For that purpose, you must activate the add-on 'Optimization & Costs/CO2 Emission Estimation', as shown in Image 1. The first part of this add-on allows you to find suitable parameters for parameterized models and blocks via the artificial intelligence (AI) technique of particle swarm optimization (PSO) for compliance with common optimization criteria.
The above-mentioned article shows that the global parameters can be created using the 'Edit' menu. Two parameters have been defined to determine the position of the bracing element with respect to the upper and lower chords of the truss cell shown in Image 2.
Initially, the parameters were defined as values. To optimize them, you must change their definition type to 'Optimization' and define optimization parameters such as minimum and maximum values, increments, and steps (Image 3).
The optimization settings are accessible via the 'Calculate' menu. As shown in Image 4, the values to optimize are indeed the global parameters.

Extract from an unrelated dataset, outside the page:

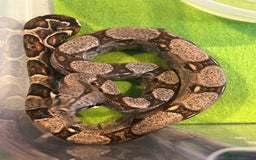 Boa Snake reptiles for sale: 2025 Boa Constrictor Babies in Letchworth Garden City - Image 19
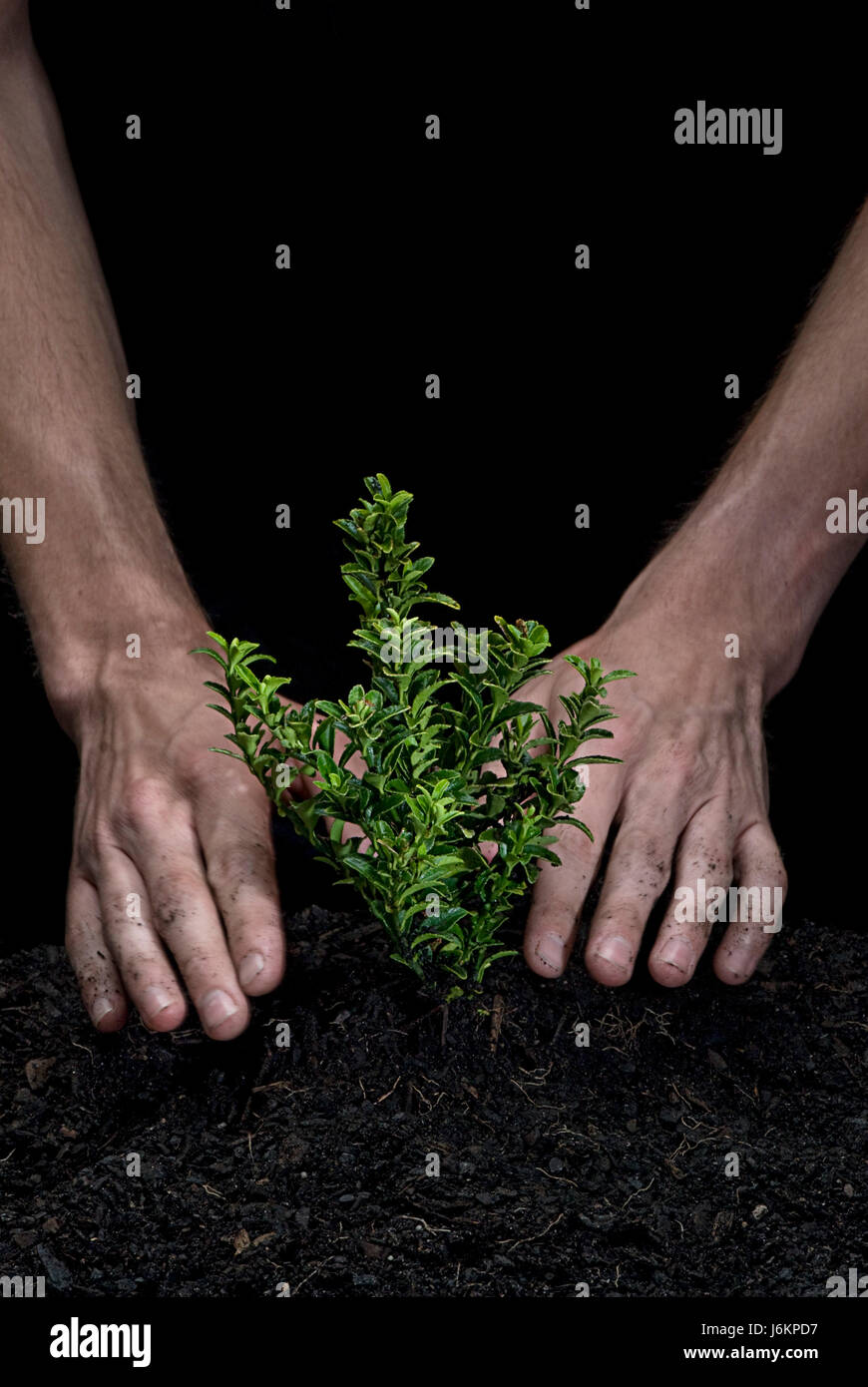 tree ground soil earth humus possession holding nature hand finger leaf ...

The number of states depends on the number of steps that have been assigned in the optimization parameters.
For instance, 4 steps means that the optimization process ends in 5 states. Given the two variables, the number of optimization mutations is 25. In other words, the program changes the values of the two variables within the defined range; these combinations result in the calculation of 25 models with different geometry.
Since we are interested in finding the optimal geometry (that is, the position of the bracing element in this example), the optimization should be set as 'Active'. It may happen that there are many optimization mutations; therefore, you can define for yourself the best number of modeled mutations to be kept.

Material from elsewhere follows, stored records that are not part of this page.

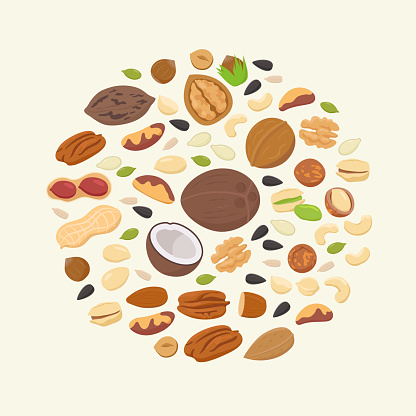 Big collection of nuts and seeds in circle form. Various nuts isolated on white, pecan, macadamia, brazil nut, walnut, almonds, hazelnuts, pistachios, cashews, peanuts, coconuts. Top view vector flat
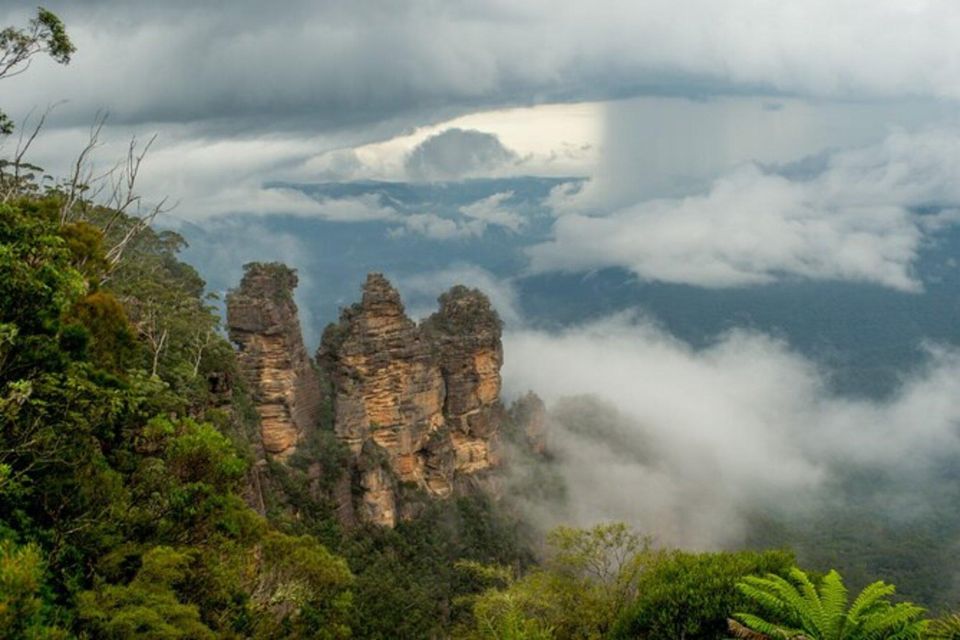 PRIVATE Featherdale Zoo Blue Mountains Scenic World Tour - Important Information for Participants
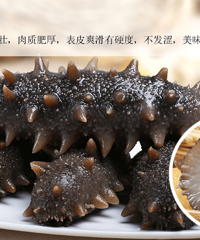 "辽东半岛淡干海参(北辰道) 年货活动了 走过不要错过"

The term 'best' is related to what you select as a basis for the optimization. For instance, you can select optimization on minimum total weight, vectorial displacement, member or surface deformation, cost, or CO2 emissions.
Next, you can choose to calculate all mutations, and once the calculation has been initiated, the program will start displaying the results of all the individual mutations (Image 5).
However, more efficient optimization methods are also provided in the program (see Image 4). For instance, you can employ near-natural particle swarm optimization (PSO) with which the calculation is initiated with an optimization result from a random assignment of the parameters to be optimized; then new optimization results with varied parameter values are repeatedly determined.
Such results are based on experience from previously performed model mutations, until the specified number of possible mutations has been reached. In addition, you can use the batch processing method, which attempts to check all possible model mutations by randomly specifying the values for the optimization parameters until a predetermined number of possible model mutations has been reached.
All optimization methods provide a list of model mutations from the stored data at the end of the process, indicating the controlling optimization result and the corresponding value assignment of the optimization parameters (Image 6).
This list is organized in descending order and shows the assumed best solution at the top, where, with the determined value assignment, the optimization result is closest to the optimization criterion. Furthermore, once the analysis is complete, the program will adjust the value assignment to that of the optimal solution for the optimization parameters in the global parameter list.